Skeptics cited by Orford (e.g., Berman 1998) criticize current international law [*370] jurisprudence through the deconstruction of dominant discourses, contending that they hide the political motivations of those in power to exclude liberated groups seeking real sovereignty. One issue is that postmodernism is not social science, but an interdisciplinary humanities project. There are no testable hypotheses. Indeed, the critique purports to read assumptions and other hidden agendas without any necessity to prove their validity or offer better alternatives. The response is that the critics of critical theory do not provide relevant data either. Orford also ignores the advocacy of a post-Westphalian system by many liberal scholars, who advocate humanitarian intervention. Such cosmopolitans like Richard Falk, who inveighs against globalization, militarism and presents many other arguments about the debasement of international law, nonetheless support post-Westphalian adaptations of international law, including humanitarian intervention. Orford also adopts a number of jargon-laden and metaphorical, feminist arguments. She contends that the US and the UN are like “man and wife,” though any observer would say that such a marriage is rather estranged.
Hence, Orford’s conclusion is based on the assumption that neo-colonialism produces results (e.g., favoring global capital) that she does not like, leading her to posit that “post-conflict reconstruction in places such as Bosnia-Herzogovina and East Timor mirrors the way in which the international community supported colonialism in earlier periods” (p.26). She blames the continuation of neo-colonial policies on the dominance of global capitalist institutions. “Post-conflict reconstruction carried out under the auspices of international financial institutions is often concerned to create a secure environment in which foreign investment can produce profits for the shareholders of multinational and foreign corporations, free of the kinds of investment constraints that were the product of the efforts of decolonised states to create a new international economic order during the 1970s” (p.27). The problem with such anti-globalization arguments, like so much in this book, is the completely intentional omission of any preferred substitute policy.

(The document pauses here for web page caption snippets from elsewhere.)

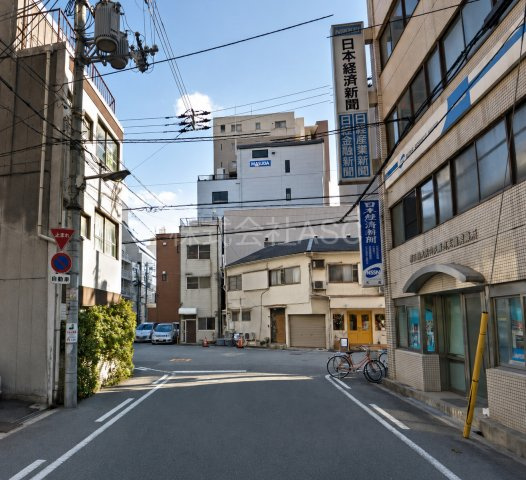 アーバネックス大阪天満宮Ⅰテナントの周辺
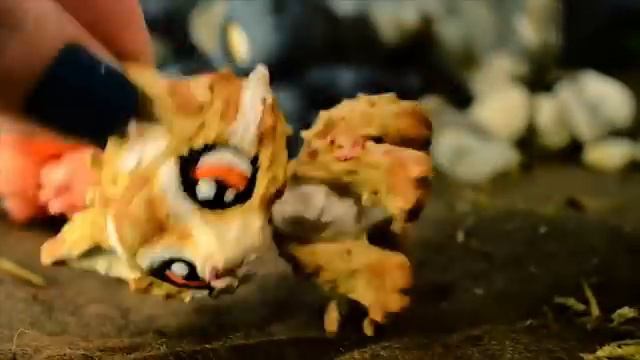 Warrior Cats: Into The Wild: The Movie [COMPLETED]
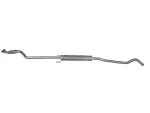EXHAUST CORSA C 1 4IKAT 16V 00- MID SIL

For those concerned with parochial interpretivism, human rights are just a positivist form of status quo domination. For others, particularly those suffering under various forms of autocracy, human rights are to be greatly desired. If we consider human rights to be justice, following Aristotle, as opposed to mere legal forms of discrimination, we insist that human rights protection value incorporating more and more law in predictable, positive form. This is the hallmark of the democratization of domestic and international society, but requires coercion for enforcement of those rights.

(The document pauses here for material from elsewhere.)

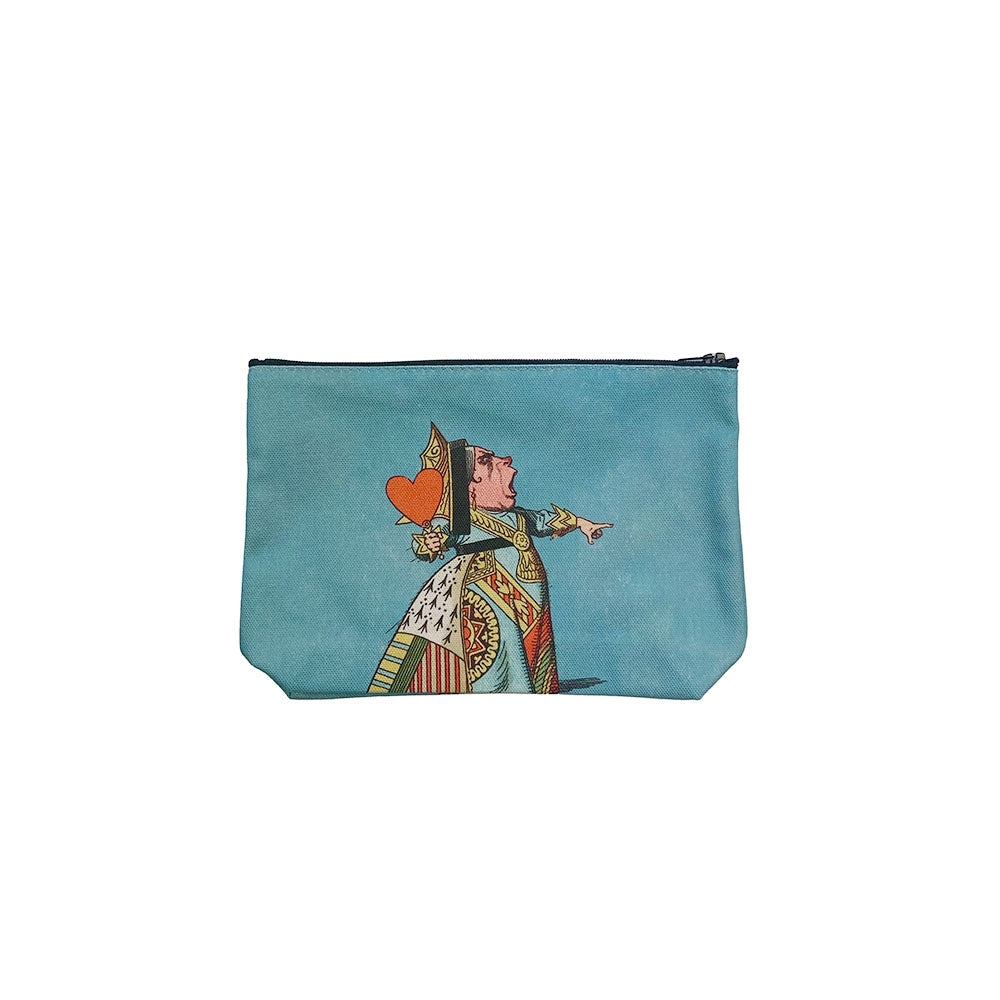 Queen of Hearts Wash Bag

Human rights is not a new idea, but is derived from Western sources; to that extent, they are relative to time and geography. Yet, they are universal because all states, over time, should develop protections of individuals and groups from undeniably universally perceived harms, the right to life and from torture and rape among them. Some rights are non-derogable and others are—on cultural grounds and [*371] other reasonable particularities, among them local institutional means of implementation. Only states can protect rights. How to reconcile the self-enforcing role of states with interests and motives of their own merits full scholarly consideration. This challenge should not be cavalierly dismissed as delegitimating. Thus, as Donnelly has suggested, “Human rights are, to use an appropriately paradoxical phrase, relatively universal” (Donnelly 1989, p.124).
Orford and other legal critics of humanitarian intervention have deepened our understanding of the biases inherent in these legal processes. Yet, they overlook that the difficult struggle to establish legal supremacy is a political process. As such, legal neutrality is neither possible nor desirable. The human rights system is not autonomous, as the laws should be in functioning systems. However, human rights depend upon functional if imperfect institutions, consensus and enforcement. Thus, we are left with a dilemma. These new legal critiques underscore shortcomings, but they are less successful in suggesting remedies. The challenge is to do both.

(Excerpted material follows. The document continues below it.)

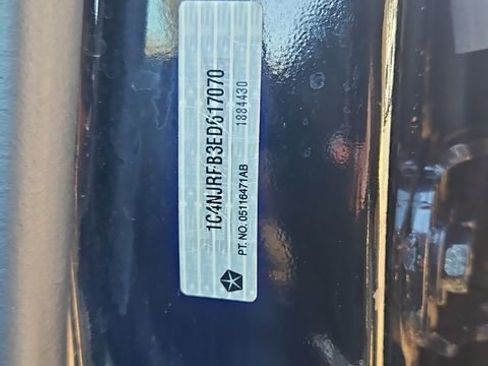 Used 2014 Jeep Patriot Latitude w/ Sun/Sound Group image 12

As former Nuremberg prosecutor and ever-eager octogenarian, Benjamin Ferencz, has urged, in response to a comment by Professor Alfred Rubin during the Opening Session of the International Law Weekend in New York on November 4, 1999,
Beware of delusion, I would agree. But without enthusiasm, you are not going to make any progress. You have seen and heard about the difficulties of legitimacy of power and enforcement. If you don’t have enthusiasm, you are going to go backwards and not forwards. You have got to have hope in order to raise the energy to do the impossible things that need to be done. And of course there are defects in all things. There is no instant evolution, and no painless revolution. But without enthusiasm, you’ll have nothing.
Deconstructing human rights law takes the skeptics’ eyes off the ball, which is that of developing methods, norms, and institutions for stopping murder, torture, rape, and other egregious violations of human rights. If morals and values are relativized and knowledge of good and evil cannot be “truthfully” arrived at, then the human rights project is no longer possible, and a sense of moral ambivalence concerning rectifying human rights results. Peggy Noonan (2000) suggested, “Ambivalent men do not win the presidency.” Similarly, ambivalent legal scholars do not take action or rally the troops to stop human rights violations. They lack what Vaclav Havel (1999, p.59) calls “the imperative of human judgment.”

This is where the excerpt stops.